In January 2001, then-President Bill Clinton designated Governors Island, a former United States Army and Coast Guard military base off the southern tip of Manhattan, a historic district in an effort to enhance the island’s public use. In March 2002, then-President George W. Bush, New York State then-Governor George Pataki and New York City Mayor Michael Bloomberg announced that Governors Island would be sold to the City of New York and New York State for a nominal fee. On January 31, 2003, the United States General Services Administration (GSA) transferred the 22-acre National Monument property to the Department of the Interior, to be managed by the National Parks Service (NPS), and the remainder of the Island to the Governors Island Preservation and Education Corporation (GIPEC), a New York not-for-profit corporation created in 2002 by the New York State for the purpose of owning and managing the 172-acre island, for $1.
As part of the transfer to GIPEC, the federal, state and local governments agreed to deed restrictions requiring - among other things - public accessibility, programming and uses that benefited the public, parkland, educational uses, and historic preservation. At least 40 acres must be for parkland, at least 20 acres for educational uses, and 30 acres for "public benefit uses." The remaining land, about one-third of the island, can be used for other uses, including commercial.
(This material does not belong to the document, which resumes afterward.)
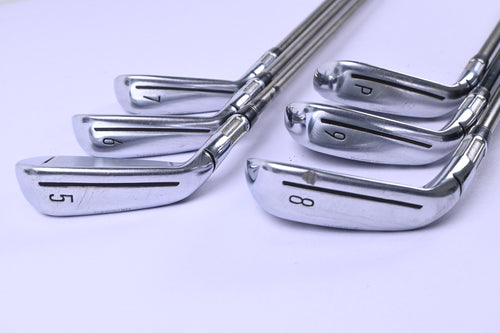 Taylormade M CGB Irons / 5-PW / Regular Flex Recoil ES 460 Shafts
In January 2004, GIPEC selected a consulting team for Governors Island pre-development and planning. Following the work of the consulting team, a request for expression of interest was issued by GIPEC in 2005. This bid was directed at developers, investors, and a range of potential tenants. GIPEC received 96 submissions and utilizing these submissions GIPEC issued three Requests for Proposals (RFPs) for various design and use aspects. GIPEC ultimately threw out all proposals, stating that “none of the whole island proposals met enough of the high standards set out in the RFP selection criteria, including a coherent vision supported by market data, financial return and funding sources, combined with the depth of team experience that would be expected as part of a deal to justify a designation.” Thus, GIPEC decided to focus on the parkland components instead of selecting a long-term partner for redevelopment. On November 12, 2006 the group issued a Request for Statements of Qualification (RFQ) for professional design services for “new and historic parklands and [the] waterfront promenade”.
In January 2006, the city and state pledged to contribute a combined $60 million toward Governors Island’s preservation and redevelopment, although an alliance of civic groups said that this would not be enough. Free ferry rides from Lower Manhattan to Governors Island began in the summer of 2006, attracting 26,000 visitors, up from 8,000 in 2005. In 2006 it was also announced that Bushwick’s public New York Harbor School would relocate to the Island in 2010.
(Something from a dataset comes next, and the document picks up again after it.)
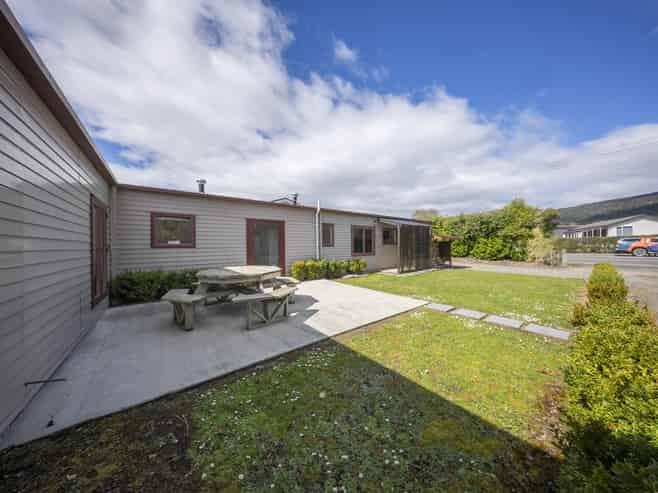 13 View Street, Manapouri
Governors Island development continued in 2007, as the city and state again split operating costs. In June 2007, a new operator was chosen to run the free ferry transportation to the Island, and in July 2007, GIPEC purchased a new ferry.
Free transportation to the island, bicycle rentals, cultural events, and recreational activities attracted over 100,000 visitors to Governors Island in 2008, as compared to 56,000 visitors in 2007. The island’s success as a visitor destination led to the planning of more projects, such as an entertainment complex, art studio, and exhibition space.
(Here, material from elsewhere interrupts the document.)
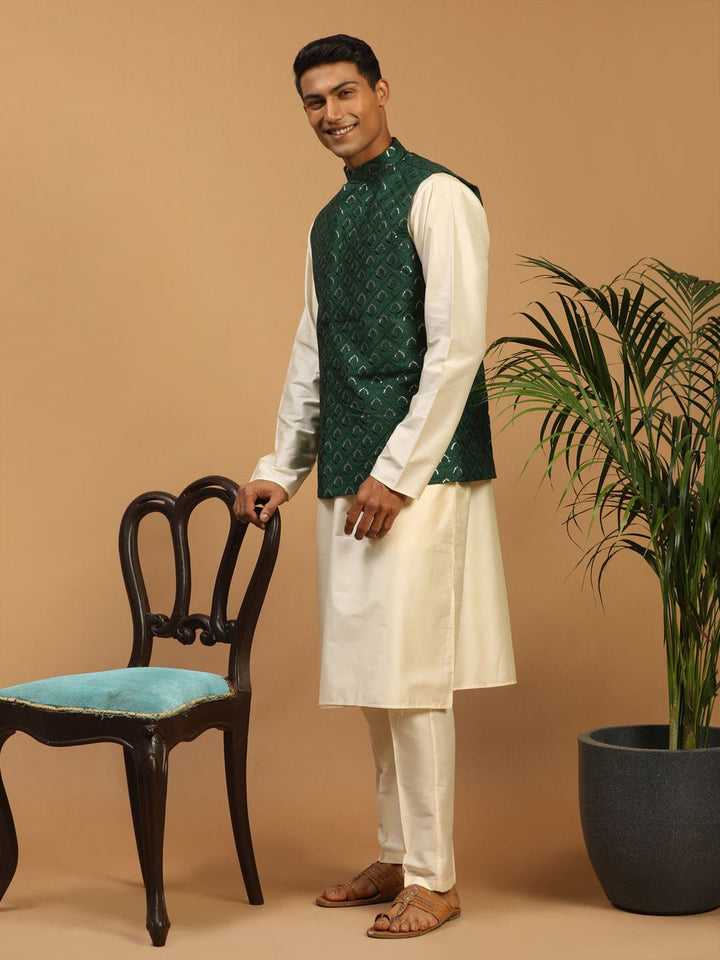 Men's Green Embroidered Nehru Jacket Set with Cream Silk Blend Kurta & Viscose Pyjama - view 2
Developments on the island continue to evolve. In April 2009, the NPS announced that a portion of federal stimulus money would be allocated to stabilize Castle Williams, a monument on the island. Liberty Village, a Coast Guard housing complex built in 1988, was torn down and the site converted to a picnic area for the summer of 2009. The demolition of Liberty Village also opened the island’s 2.2-mile perimeter to pedestrians and bicyclists for the first time. $120 million in public financing has been invested in the project thus far and demolition and conversion to parkland is expected to be entirely complete in 2012 - although more funding will likely be needed. In June of 2009, the GIPEC collaborated with Brooklyn non-profit Added Value to open a 3-acre organic farm.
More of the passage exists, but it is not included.